Yield: 66.69 g, 81.4%, Purity: > 80% (HPLC). Example 10: Preparation of Lanreotide acetate (1)

DTT (17.3 g), TES (50 ml), TFA (300 ml), and anisole (24.3 g) were added to the stirred mixture of Boc-D-Nal-Cys (Trt)-Tyr-D-Trp-Lys (Boc)-Val-Cys (Trt)-Thr(t- Bu)-NH 2 (22, 50.0 g) in MDC (300 ml). The resultant mass was stirred at 25 to 30°C till completion of the reaction, as monitored by TLC. After completion, the reaction mass was concentrated, the obtained oily residue was treated with MTBE under stirring and the solid was filtered.

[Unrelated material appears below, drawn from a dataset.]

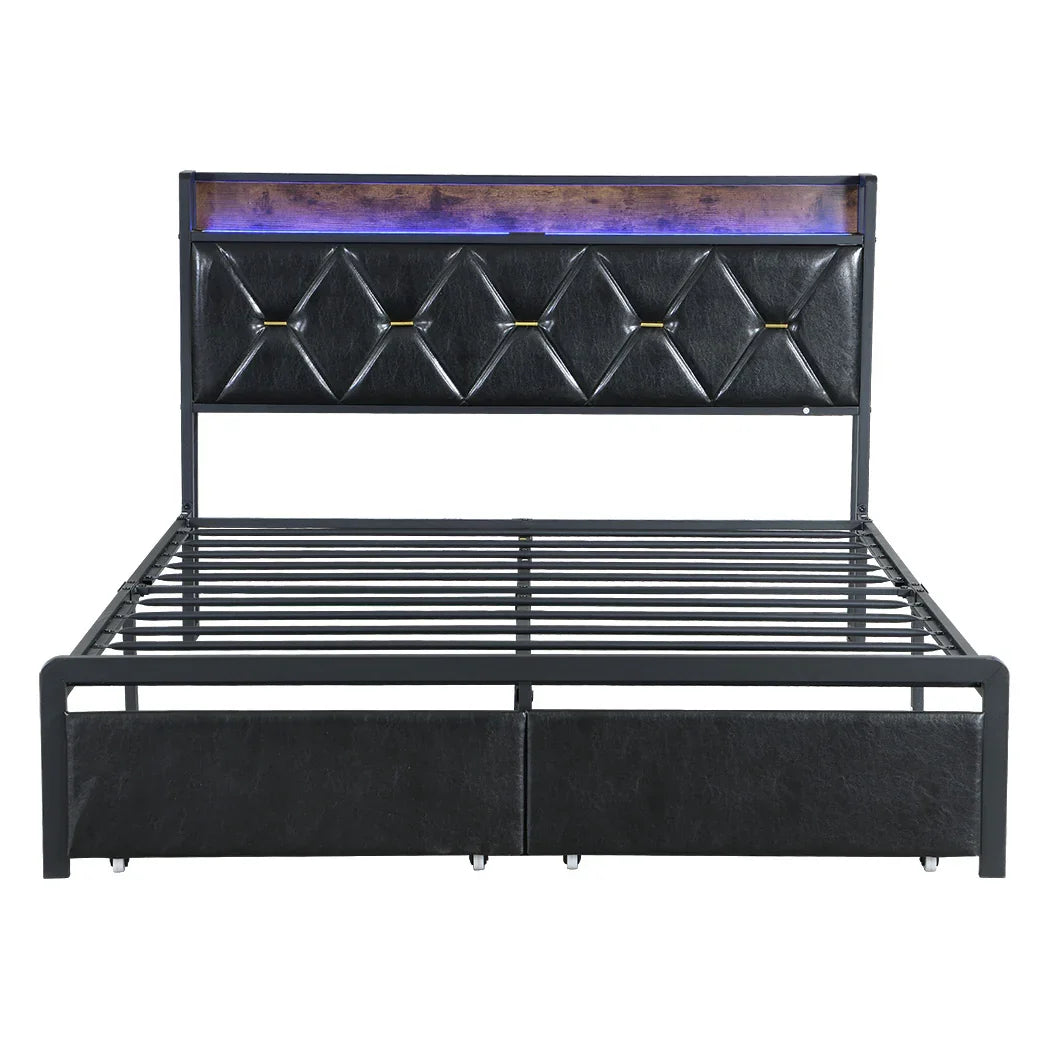 Levede Double Metal Bed Frame LED Lights 2 Drawers-2018816909578997761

A mixture of acetic acid (60 ml), water (2380 ml) was added to the solution of the filtered solid in 50% aqueous acetonitrile (2500 ml) which was stirred at 15-30°C, followed by addition of iodine (12.7 g) in methanol (290 ml). The stirring was continued till completion of the reaction, as monitored by HPLC.

After completion, L-ascorbic acid (9.5 g) was added to the mixture. The resultant mass was filtered and purified using preparative HPLC to give Lanreotide acetate (1). Yield: 9.7 g (29.9%), Purity: > 99 (HPLC).